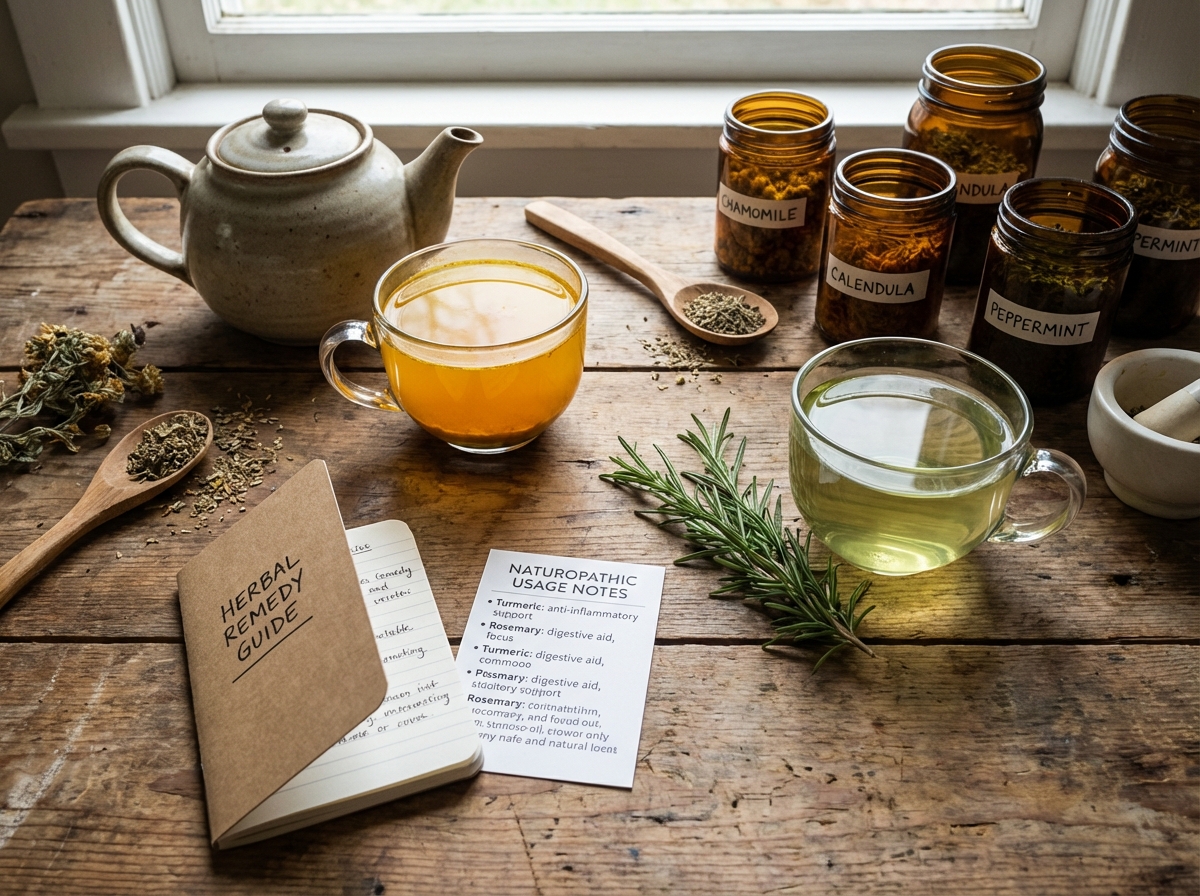 Naturopathy herbal medicine home toolkit showing turmeric tea preparation, rosemary tea, labeled herb jars, and a simple herbal remedy guide card with naturopathic usage notes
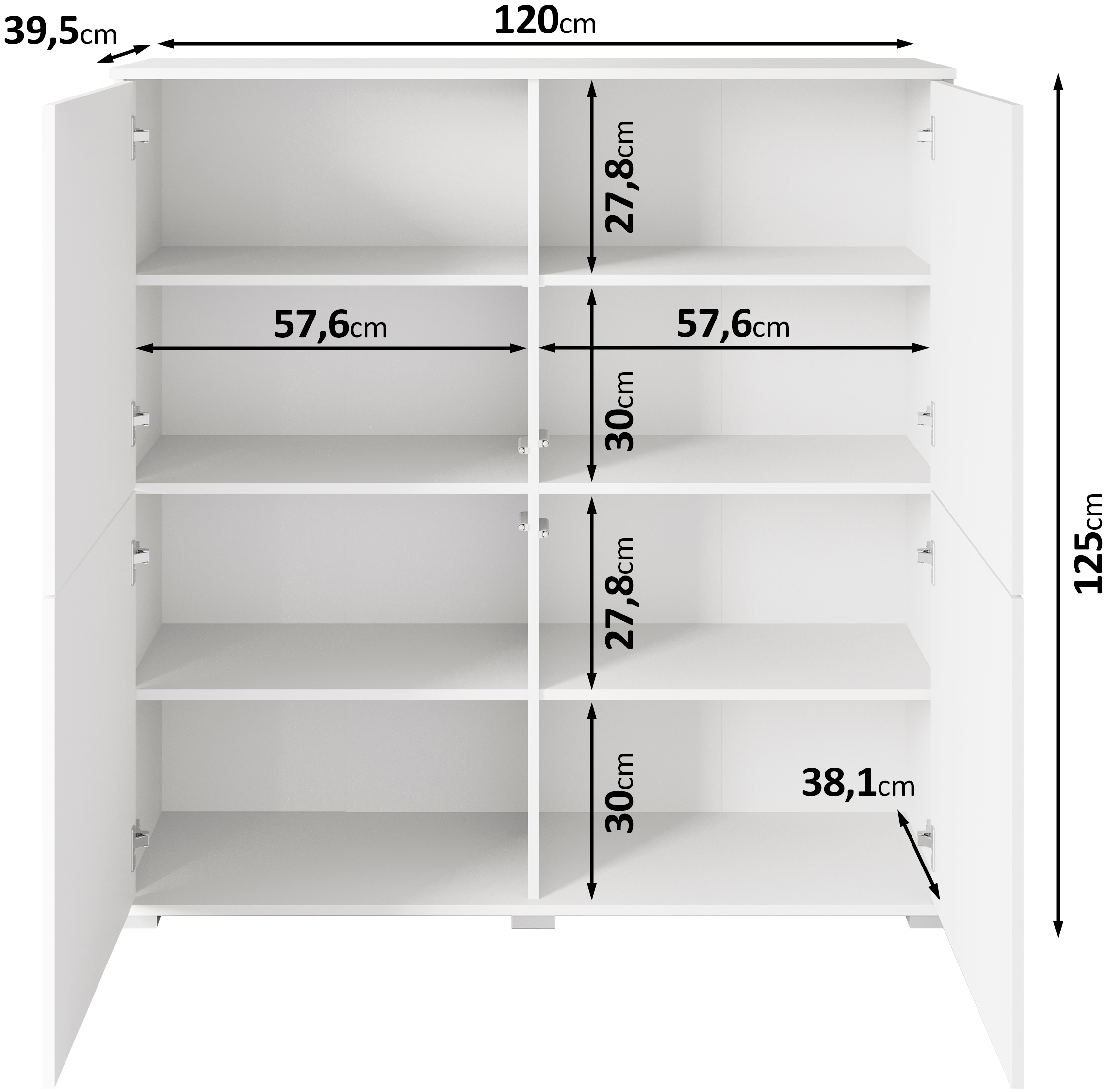 INOSIGN Highboard »Kenia, moderne grifflose Hochkommode mit 4 Türen, Breite 120 cm«, (1 St.), Push-to-Open-Fronten, höhenverstellbaren Einlegeböden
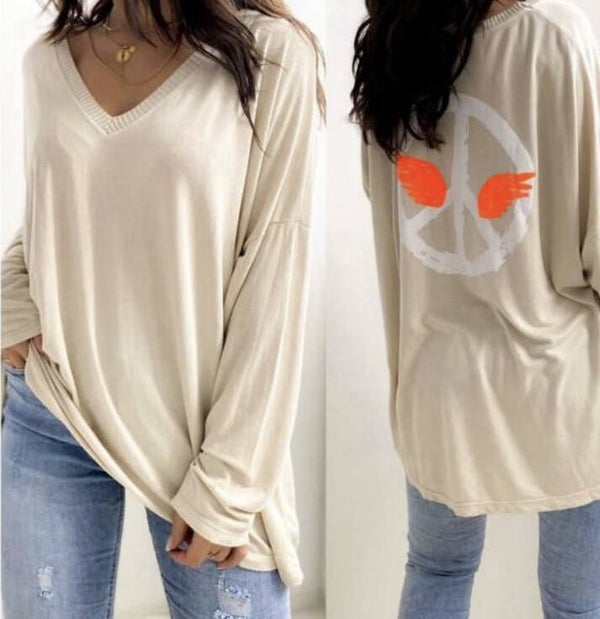 Shirt peace - beige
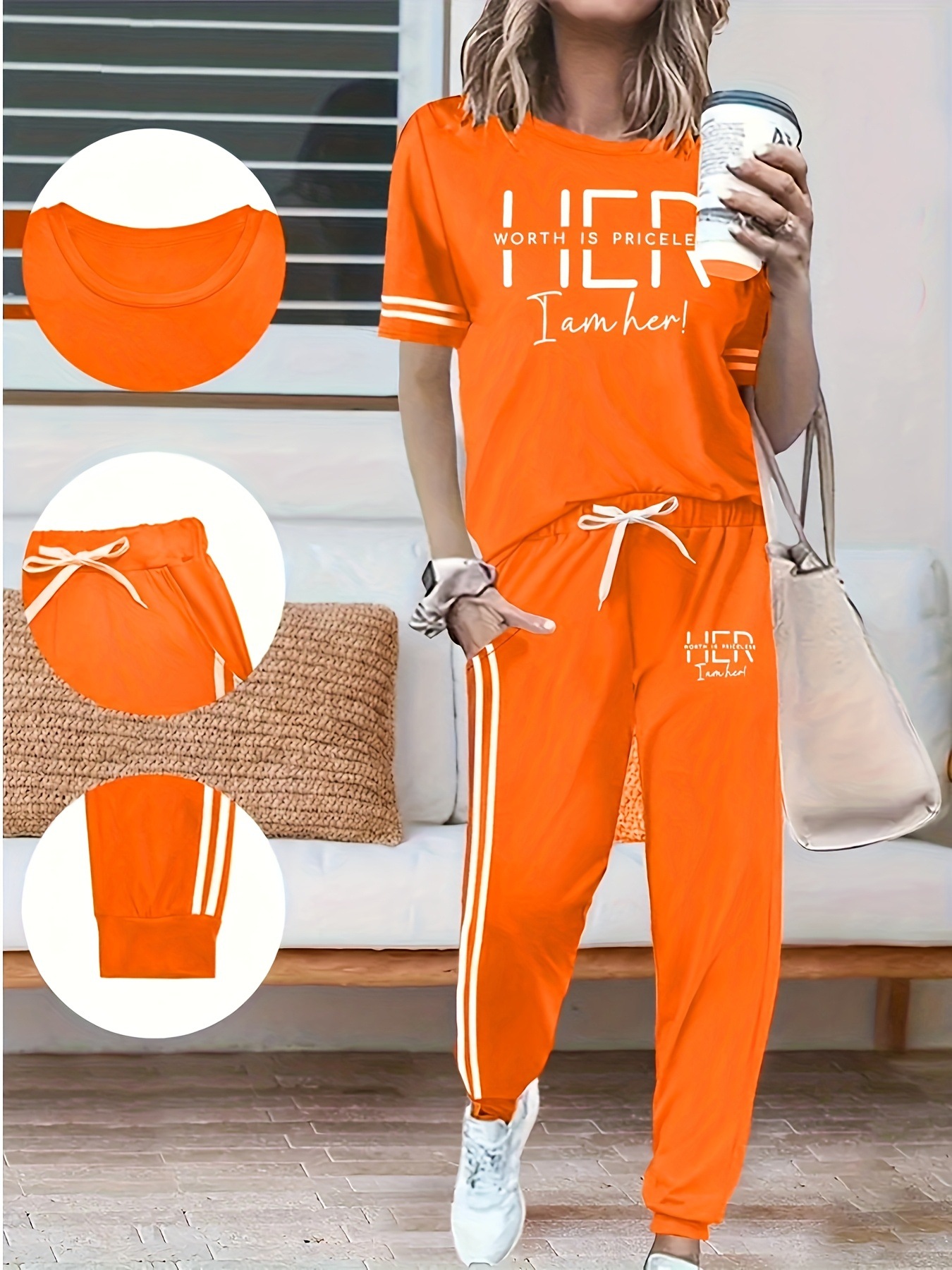 Women's Two Piece Pant Set Round Neck Short Sleeve Summer Outfit_voghion.com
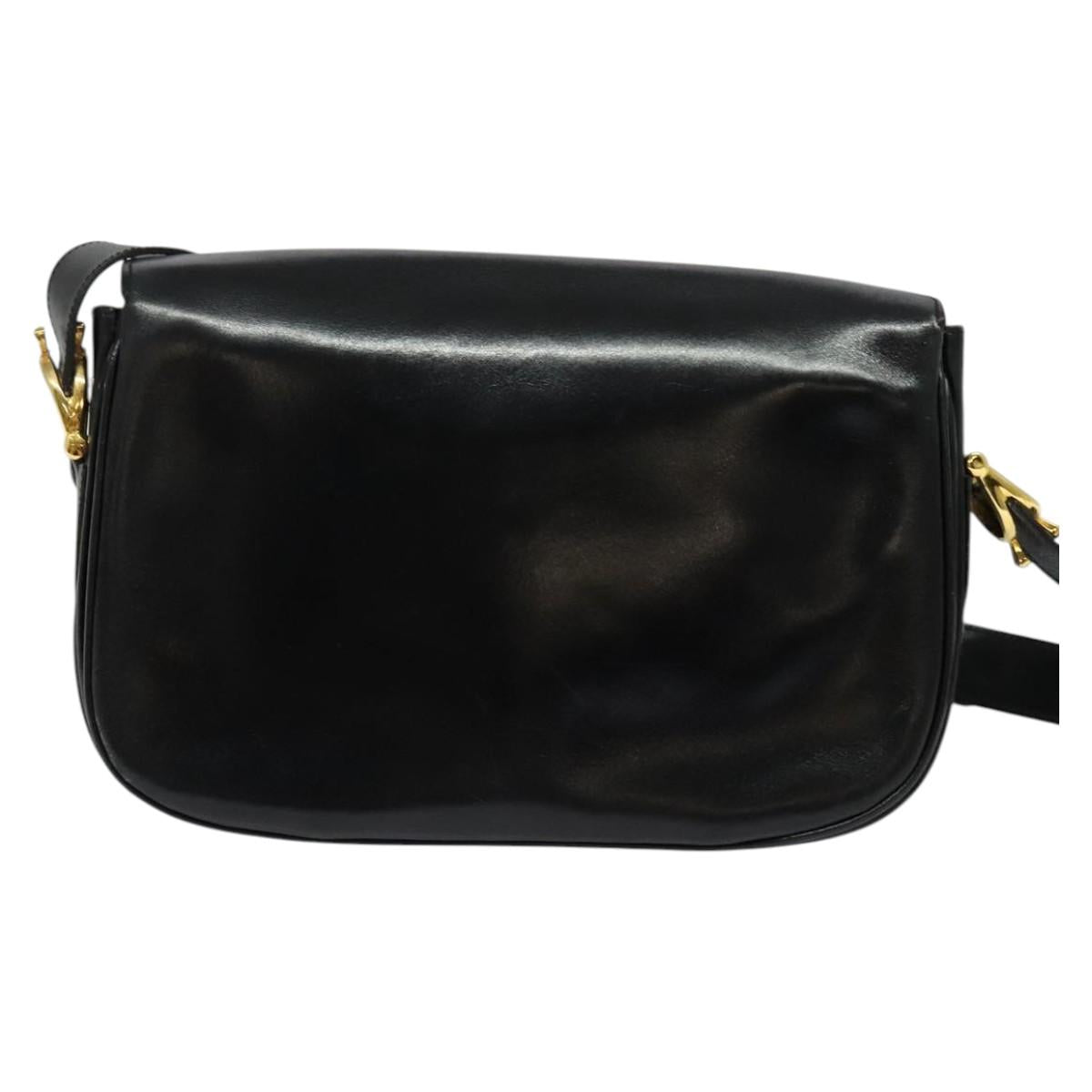 CELINE Shoulder Bag Leather Black Gold Auth BA3711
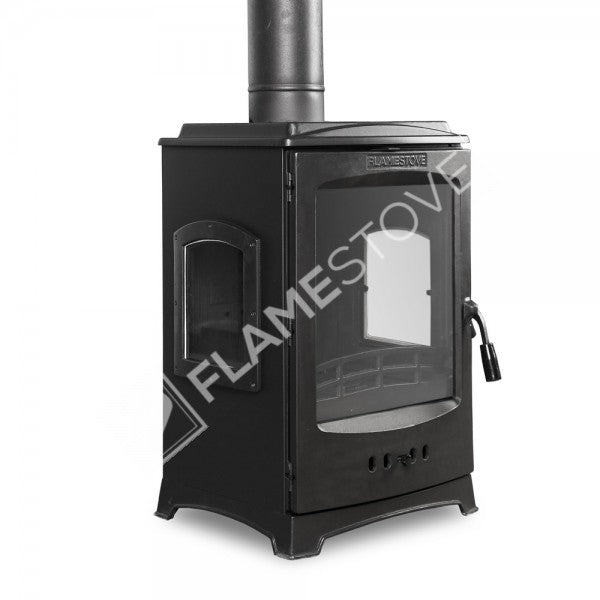 Fire Stove Lodi Üç Camlı Yan Yüklemeli Şömine Soba, Yüksek Verimli Odun/Kömür Sobası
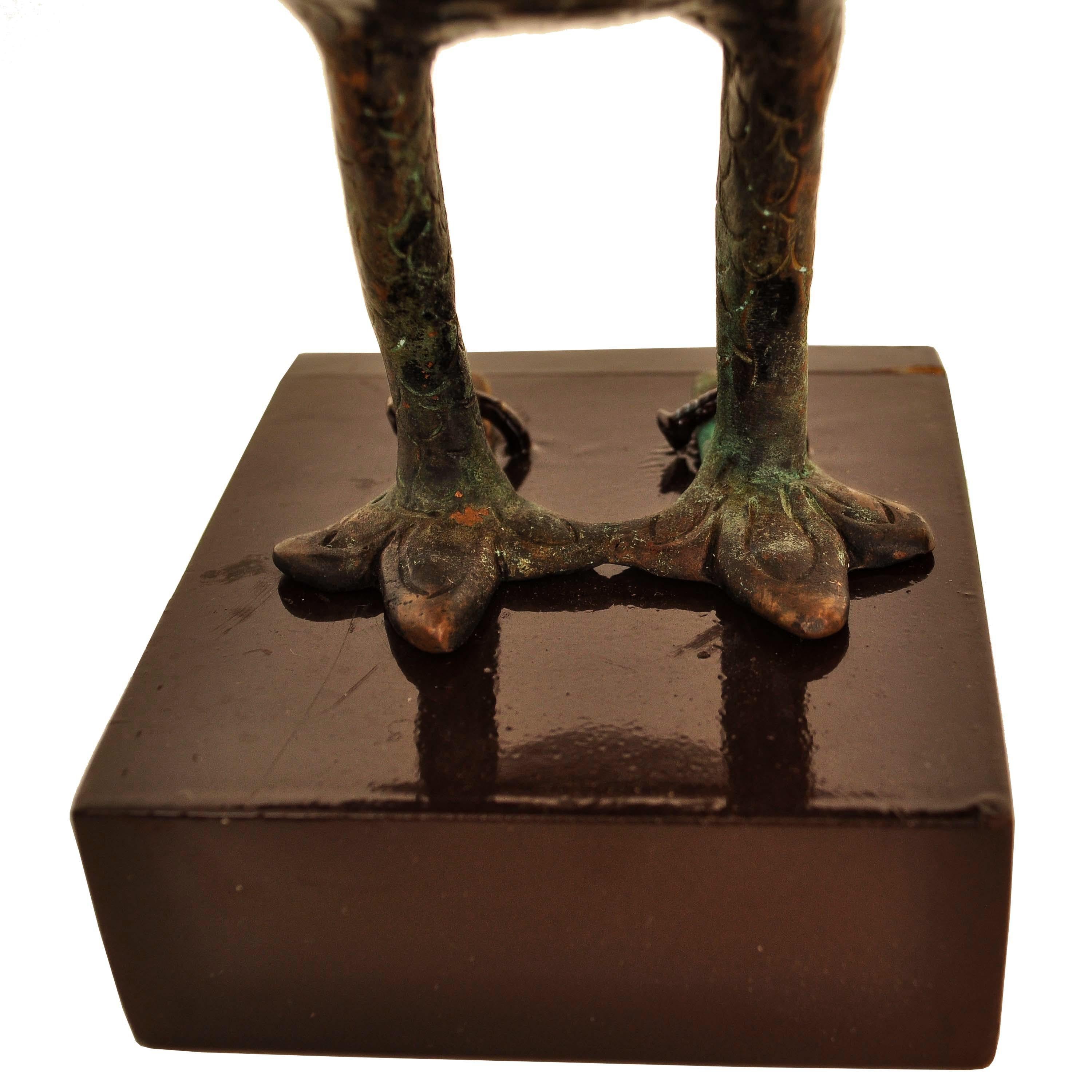 Ancient Persia 12th Century Islamic Bronze Seljuk Bird Pomander Statue Sculpture For Sale 3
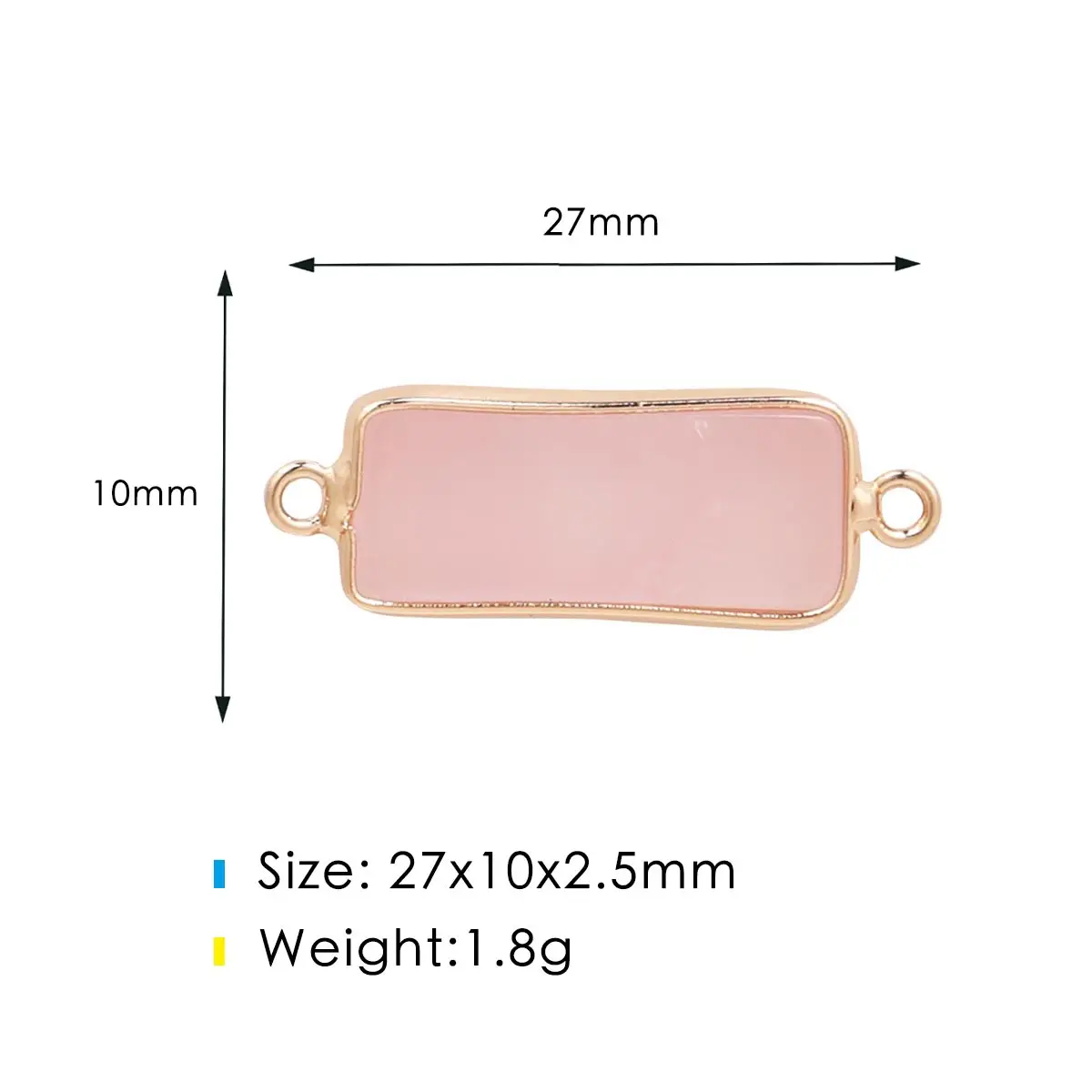 Natural Stone Charms Connector Double Hole Rose Quartzs Amazonite Pendant for Jewelry Making DIY Necklace Earring Size 10x27mm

▬▬▬

BRIEF:
These lines alone form the answer: the one containing "Women's Two Piece" and every line after it through the end of the material, exactly as written, pictures left out.

RESPONSE AREA:
 Women's Two Piece Pant Set Round Neck Short Sleeve Summer Outfit_voghion.com
 CELINE Shoulder Bag Leather Black Gold Auth BA3711
 Fire Stove Lodi Üç Camlı Yan Yüklemeli Şömine Soba, Yüksek Verimli Odun/Kömür Sobası
 Ancient Persia 12th Century Islamic Bronze Seljuk Bird Pomander Statue Sculpture For Sale 3
 Natural Stone Charms Connector Double Hole Rose Quartzs Amazonite Pendant for Jewelry Making DIY Necklace Earring Size 10x27mm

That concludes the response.